● **Records excerpted from a collection**

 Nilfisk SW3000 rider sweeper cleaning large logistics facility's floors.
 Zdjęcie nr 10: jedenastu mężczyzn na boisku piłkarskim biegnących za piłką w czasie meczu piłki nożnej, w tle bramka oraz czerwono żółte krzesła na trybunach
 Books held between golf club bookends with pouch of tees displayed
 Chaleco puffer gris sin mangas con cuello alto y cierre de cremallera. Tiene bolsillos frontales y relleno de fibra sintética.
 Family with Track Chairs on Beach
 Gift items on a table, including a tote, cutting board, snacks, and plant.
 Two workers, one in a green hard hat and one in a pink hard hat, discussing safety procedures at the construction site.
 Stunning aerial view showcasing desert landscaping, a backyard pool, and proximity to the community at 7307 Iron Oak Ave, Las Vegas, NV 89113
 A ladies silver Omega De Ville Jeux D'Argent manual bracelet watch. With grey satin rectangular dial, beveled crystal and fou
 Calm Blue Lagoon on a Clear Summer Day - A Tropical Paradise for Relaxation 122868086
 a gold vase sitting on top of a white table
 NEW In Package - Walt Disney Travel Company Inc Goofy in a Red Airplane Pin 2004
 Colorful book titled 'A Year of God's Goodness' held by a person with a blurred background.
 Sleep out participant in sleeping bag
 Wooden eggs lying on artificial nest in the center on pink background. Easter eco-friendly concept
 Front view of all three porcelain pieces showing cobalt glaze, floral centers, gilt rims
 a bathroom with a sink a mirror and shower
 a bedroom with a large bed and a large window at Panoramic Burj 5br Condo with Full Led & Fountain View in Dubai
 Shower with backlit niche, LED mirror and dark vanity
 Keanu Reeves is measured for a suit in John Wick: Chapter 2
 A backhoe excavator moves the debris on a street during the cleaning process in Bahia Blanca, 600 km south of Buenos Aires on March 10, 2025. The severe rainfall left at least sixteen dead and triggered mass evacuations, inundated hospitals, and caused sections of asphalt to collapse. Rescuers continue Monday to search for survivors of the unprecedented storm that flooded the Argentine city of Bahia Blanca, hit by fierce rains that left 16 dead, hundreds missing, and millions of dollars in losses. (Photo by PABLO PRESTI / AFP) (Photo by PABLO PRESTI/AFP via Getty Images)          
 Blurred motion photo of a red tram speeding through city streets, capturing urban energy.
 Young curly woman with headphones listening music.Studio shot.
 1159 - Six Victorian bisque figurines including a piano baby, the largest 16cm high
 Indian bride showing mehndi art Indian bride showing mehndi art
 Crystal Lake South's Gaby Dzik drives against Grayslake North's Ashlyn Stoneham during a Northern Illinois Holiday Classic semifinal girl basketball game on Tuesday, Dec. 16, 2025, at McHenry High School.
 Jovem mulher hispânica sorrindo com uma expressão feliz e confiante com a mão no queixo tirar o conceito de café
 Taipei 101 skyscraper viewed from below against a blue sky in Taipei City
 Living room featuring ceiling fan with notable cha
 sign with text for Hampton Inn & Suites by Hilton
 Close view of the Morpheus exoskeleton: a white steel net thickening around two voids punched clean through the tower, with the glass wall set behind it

● **What you should do**
Take the entries above and repeat them verbatim.

● **Answer for this exercise**
 Nilfisk SW3000 rider sweeper cleaning large logistics facility's floors.
 Zdjęcie nr 10: jedenastu mężczyzn na boisku piłkarskim biegnących za piłką w czasie meczu piłki nożnej, w tle bramka oraz czerwono żółte krzesła na trybunach
 Books held between golf club bookends with pouch of tees displayed
 Chaleco puffer gris sin mangas con cuello alto y cierre de cremallera. Tiene bolsillos frontales y relleno de fibra sintética.
 Family with Track Chairs on Beach
 Gift items on a table, including a tote, cutting board, snacks, and plant.
 Two workers, one in a green hard hat and one in a pink hard hat, discussing safety procedures at the construction site.
 Stunning aerial view showcasing desert landscaping, a backyard pool, and proximity to the community at 7307 Iron Oak Ave, Las Vegas, NV 89113
 A ladies silver Omega De Ville Jeux D'Argent manual bracelet watch. With grey satin rectangular dial, beveled crystal and fou
 Calm Blue Lagoon on a Clear Summer Day - A Tropical Paradise for Relaxation 122868086
 a gold vase sitting on top of a white table
 NEW In Package - Walt Disney Travel Company Inc Goofy in a Red Airplane Pin 2004
 Colorful book titled 'A Year of God's Goodness' held by a person with a blurred background.
 Sleep out participant in sleeping bag
 Wooden eggs lying on artificial nest in the center on pink background. Easter eco-friendly concept
 Front view of all three porcelain pieces showing cobalt glaze, floral centers, gilt rims
 a bathroom with a sink a mirror and shower
 a bedroom with a large bed and a large window at Panoramic Burj 5br Condo with Full Led & Fountain View in Dubai
 Shower with backlit niche, LED mirror and dark vanity
 Keanu Reeves is measured for a suit in John Wick: Chapter 2
 A backhoe excavator moves the debris on a street during the cleaning process in Bahia Blanca, 600 km south of Buenos Aires on March 10, 2025. The severe rainfall left at least sixteen dead and triggered mass evacuations, inundated hospitals, and caused sections of asphalt to collapse. Rescuers continue Monday to search for survivors of the unprecedented storm that flooded the Argentine city of Bahia Blanca, hit by fierce rains that left 16 dead, hundreds missing, and millions of dollars in losses. (Photo by PABLO PRESTI / AFP) (Photo by PABLO PRESTI/AFP via Getty Images)          
 Blurred motion photo of a red tram speeding through city streets, capturing urban energy.
 Young curly woman with headphones listening music.Studio shot.
 1159 - Six Victorian bisque figurines including a piano baby, the largest 16cm high
 Indian bride showing mehndi art Indian bride showing mehndi art
 Crystal Lake South's Gaby Dzik drives against Grayslake North's Ashlyn Stoneham during a Northern Illinois Holiday Classic semifinal girl basketball game on Tuesday, Dec. 16, 2025, at McHenry High School.
 Jovem mulher hispânica sorrindo com uma expressão feliz e confiante com a mão no queixo tirar o conceito de café
 Taipei 101 skyscraper viewed from below against a blue sky in Taipei City
 Living room featuring ceiling fan with notable cha
 sign with text for Hampton Inn & Suites by Hilton
 Close view of the Morpheus exoskeleton: a white steel net thickening around two voids punched clean through the tower, with the glass wall set behind it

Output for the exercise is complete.